• _Aim of the exercise_: Span requested from the data below: the line with "illustrazioni stock, clip" through the line with "0503253273 Tuomo Karvonen", both included. Give only these lines again, exactly, and leave every picture out.

• _Entries provided_:
-.-.-
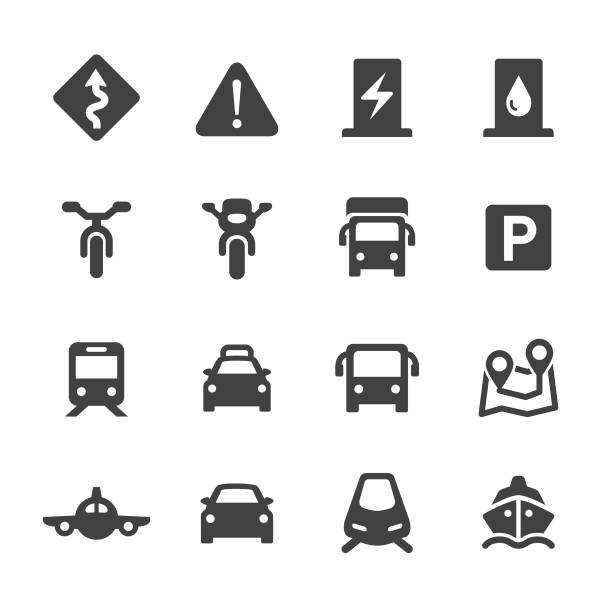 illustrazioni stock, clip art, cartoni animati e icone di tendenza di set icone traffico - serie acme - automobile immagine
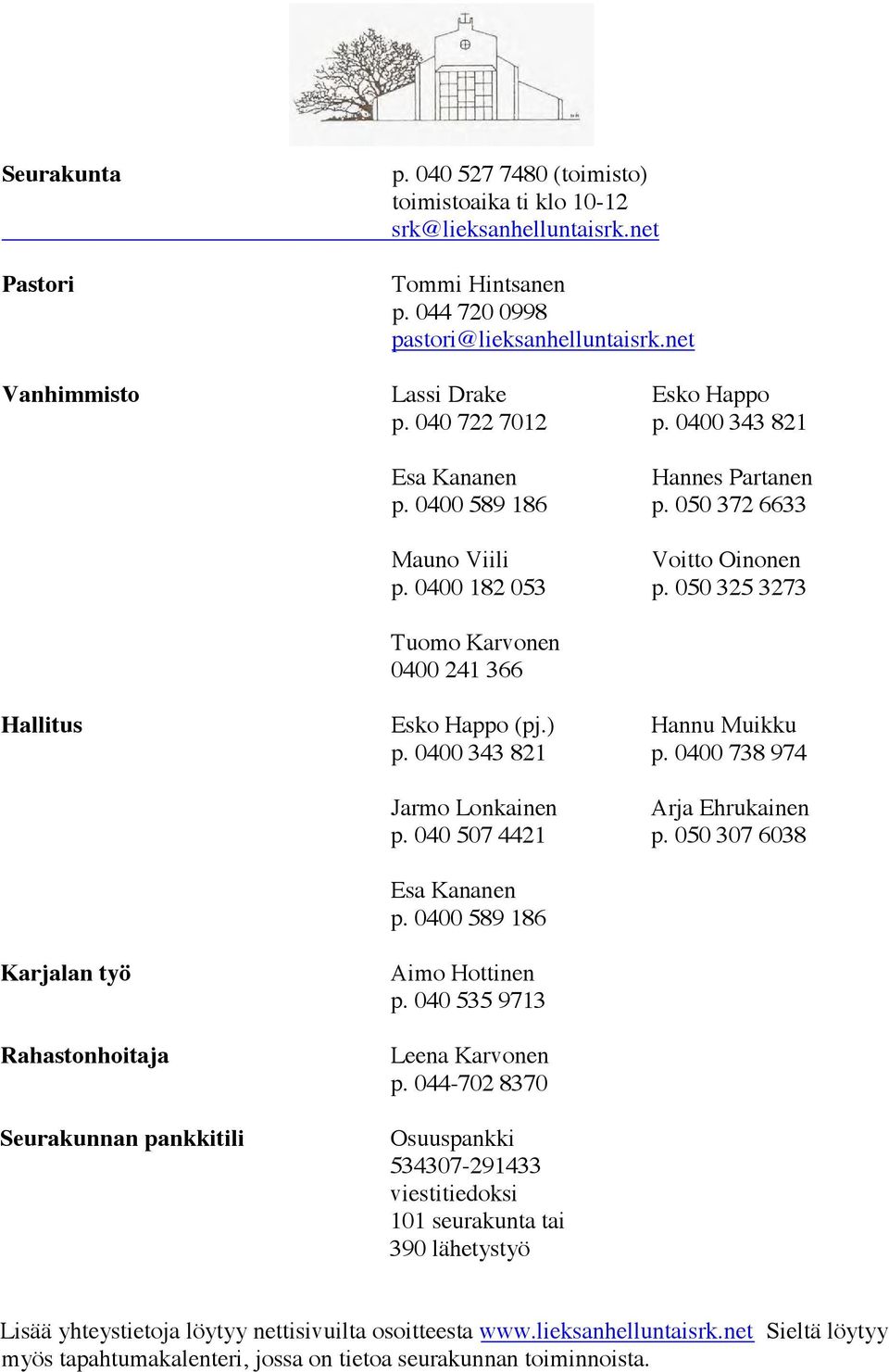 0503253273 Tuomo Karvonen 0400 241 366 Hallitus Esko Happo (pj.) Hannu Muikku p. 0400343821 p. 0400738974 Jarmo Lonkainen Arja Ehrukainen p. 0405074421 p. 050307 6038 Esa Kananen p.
-.-.-
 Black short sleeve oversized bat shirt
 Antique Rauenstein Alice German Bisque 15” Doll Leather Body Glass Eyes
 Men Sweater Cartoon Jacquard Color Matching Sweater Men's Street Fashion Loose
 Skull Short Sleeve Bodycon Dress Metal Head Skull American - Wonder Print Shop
-.-.-
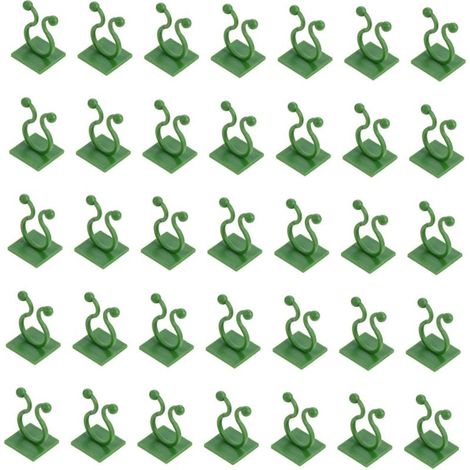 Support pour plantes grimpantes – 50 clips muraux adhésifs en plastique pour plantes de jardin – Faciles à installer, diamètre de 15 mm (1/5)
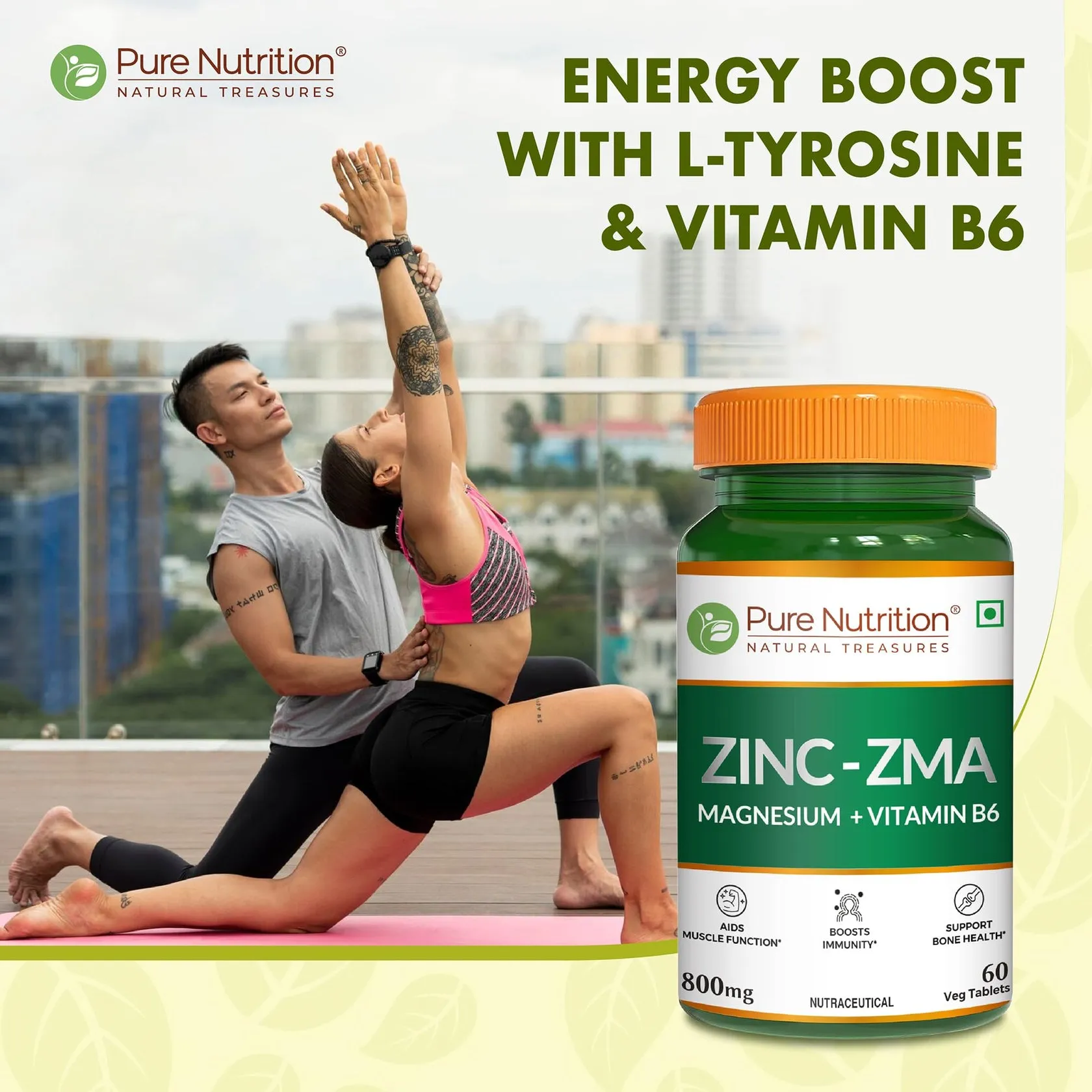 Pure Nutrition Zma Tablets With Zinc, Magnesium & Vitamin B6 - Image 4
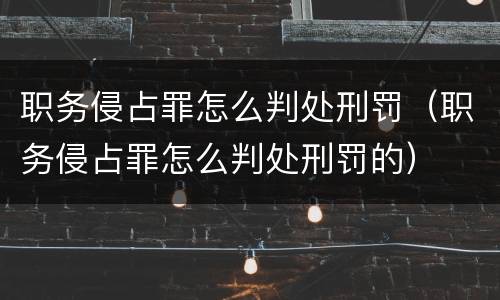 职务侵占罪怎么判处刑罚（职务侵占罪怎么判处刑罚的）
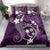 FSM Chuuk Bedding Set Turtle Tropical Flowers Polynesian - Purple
-.-.-
• _Solution to this problem_:
 illustrazioni stock, clip art, cartoni animati e icone di tendenza di set icone traffico - serie acme - automobile immagine
 0503253273 Tuomo Karvonen 0400 241 366 Hallitus Esko Happo (pj.) Hannu Muikku p. 0400343821 p. 0400738974 Jarmo Lonkainen Arja Ehrukainen p. 0405074421 p. 050307 6038 Esa Kananen p.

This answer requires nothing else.